Webcam Object Detection with Mask R-CNN on Google Colab

Mask R-CNN algorithm in low light - thinks it sees a cat ¯\_(ツ)_/¯

There are plenty of approaches to do Object Detection. YOLO (You Only Look Once) is the algorithm of choice for many, because it passes the image through the Fully Convolutional Neural Network (FCNN) only once. This makes the inference fast. About 30 frames per second on a GPU.

Object bounding boxes predicted by YOLO (Joseph Redmon)

Another popular approach is the use of Region Proposal Network (RPN). RPN based algorithms have two components. First component gives proposals for Regions of Interests (RoI)… i.e. where in the image might be objects. The second component does the image classification task on these proposed regions. This approach is slower. Mask R-CNN is a framework by Facebook AI that makes use of RPN for object detection. Mask R-CNN can operate at about 5 frames per second on a GPU. We will use Mask R-CNN.

Why use a slow algorithm when there are faster alternatives? Glad you asked!

Mask R-CNN also outputs object-masks in addition to object detection and bounding box prediction.

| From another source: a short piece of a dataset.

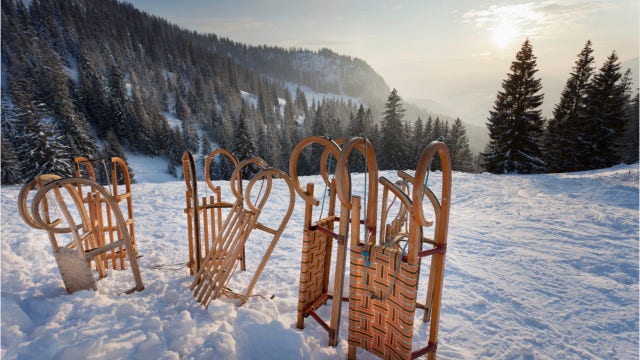 New Jersey teens save children who fell into frozen pond while sledding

Object masks and bounding boxes predicted by Mask R-CNN (Matterport)

The following sections contain explanation of the code and concepts that will help in understanding object detection, and working with camera inputs with Mask R-CNN, on Colab. It’s not a step by step tutorial but hopefully it would be as effective. At the end of this article, you will find the link to Colab notebook to try it yourself.

Matterport has a great implementation of Mask R-CNN using Keras and Tensorflow. They have provided Notebooks to play with Mask R-CNN, to train Mask R-CNN with your own dataset and to inspect the model and weights.

Why Google Colab

If you don’t have a GPU machine, or don’t want to go through the tedious task of setting up the development environment, Colab is the best temporary option.

In my case, I had lost my favorite laptop recently. So, I am on my backup machine - a windows tablet with a keyboard. Colab enables you to work in a Jupyter Notebook in your browser, connected to a powerfull GPU or a TPU (Tensor Processing Unit) virtual machine in Google Cloud. The VM comes pre-installed with Python, Tensorflow, Keras, PyTorch, Fastai and a lot of other important Machine Learning tools. All for free. Beware that your session progress gets lost due to a few minutes of inactivity.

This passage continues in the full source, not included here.